Vinny Cha$e is a little harder to figure out. His name is probably his best asset right now, thanks to the ever-enduring cultural cachet of ‘Entourage.’ Last year’s ‘King’s Landing’ project, however, doesn’t match the star power the name holds. He sounds like fellow Harlemite A$AP Rocky on ‘Chill 2 This’ and he can’t even be distinguished on the first three songs, as he’s flanked by Ma$e, Kid Art, and Cartier Court. Most of ‘King’s Landing’ actually sounds like a guy trying to find his own sound. Does he want Young Chop beats with features by Waka Flocka and Yo Gotti? Maybe the mellow sound of songs like ‘Grippin’ and ‘Nothin’ Changed’? It isn’t a bad thing that his project holds so many different sounds, but it leaves the impression that Vinny Cha$e doesn’t know what kind of artist he wants to be yet.

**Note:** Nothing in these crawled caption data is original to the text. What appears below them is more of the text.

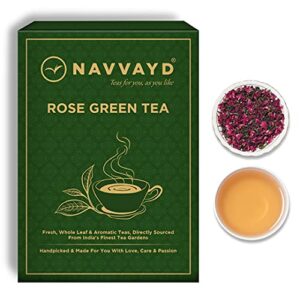 Navvayd Rose Green Tea (100 Gm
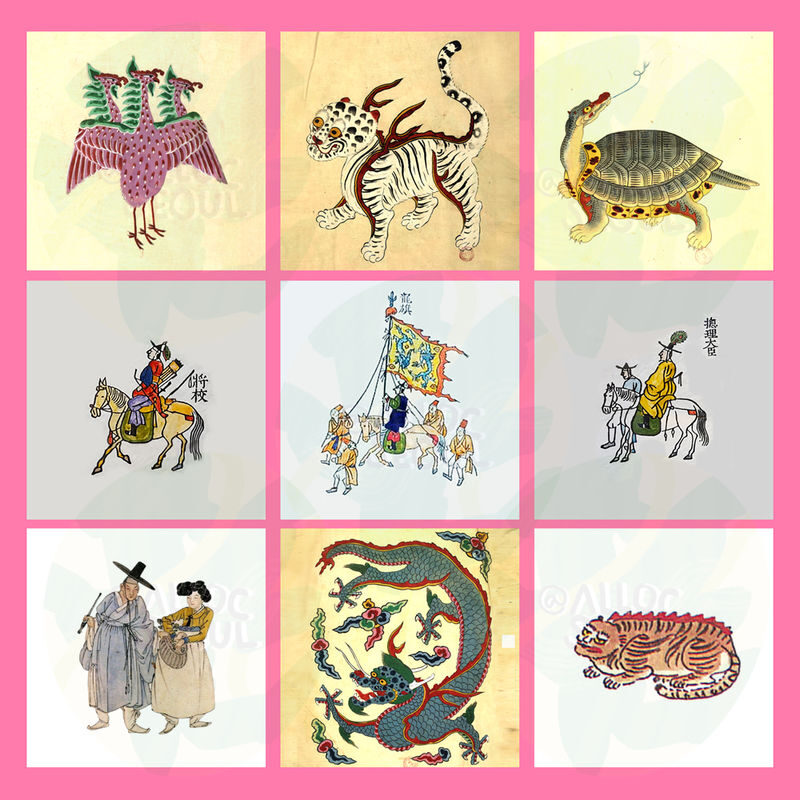 Joseon Dynasty Painting Session with Acrylics in Seoul - Finding Alloc Seoul in Euljiro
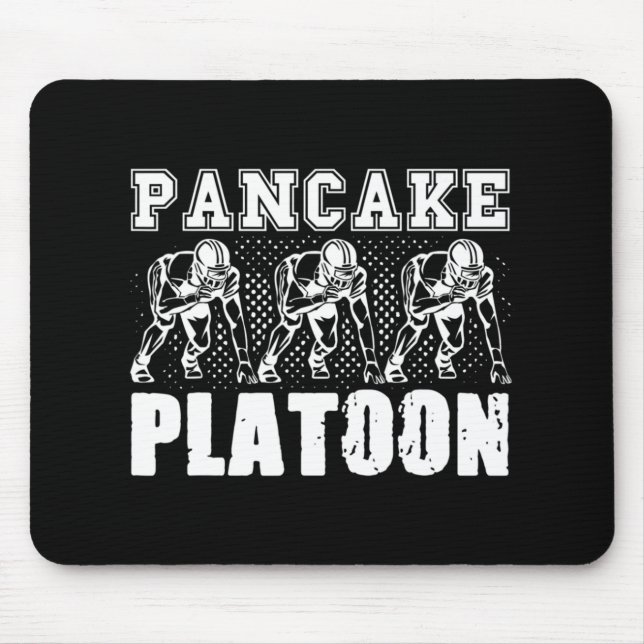 American Football Lineman Pancake Platoon Player S Mouse Mat (Front)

That’s the downfall of every “swag rapper,” though. Capitalize on the sound of today and you’re forgotten tomorrow. Something in your music needs to be timeless, transcendent. Vinny Cha$e’s music doesn’t have those qualities yet.
Chase N. Cashe has proved that he can make classic records, at least behind the boards. Now he has to figure out what made those records so good and apply that extra something to his own music. Otherwise, he’ll always be a producer who gives hot records to other artists. That’s not a bad spot to be in, by the way.
Vinny Cha$e is another iteration of artists who don’t know who they are in a city full of artists who want to sound like they’re from somewhere else. As of this writing, he’s yet to have a solo song on Youtube crack 350,000 views, and he’s nowhere to be found on Spotify. He’ll have to craft his own lane if he wants to be as big as the A$AP Mob. Maybe he’s sitting on the best music of his life, but judging from what we’ve got, it doesn’t look like his ceiling is too high. You can keep your eyes on Vinny, but keep your ears on Chase N. Cashe.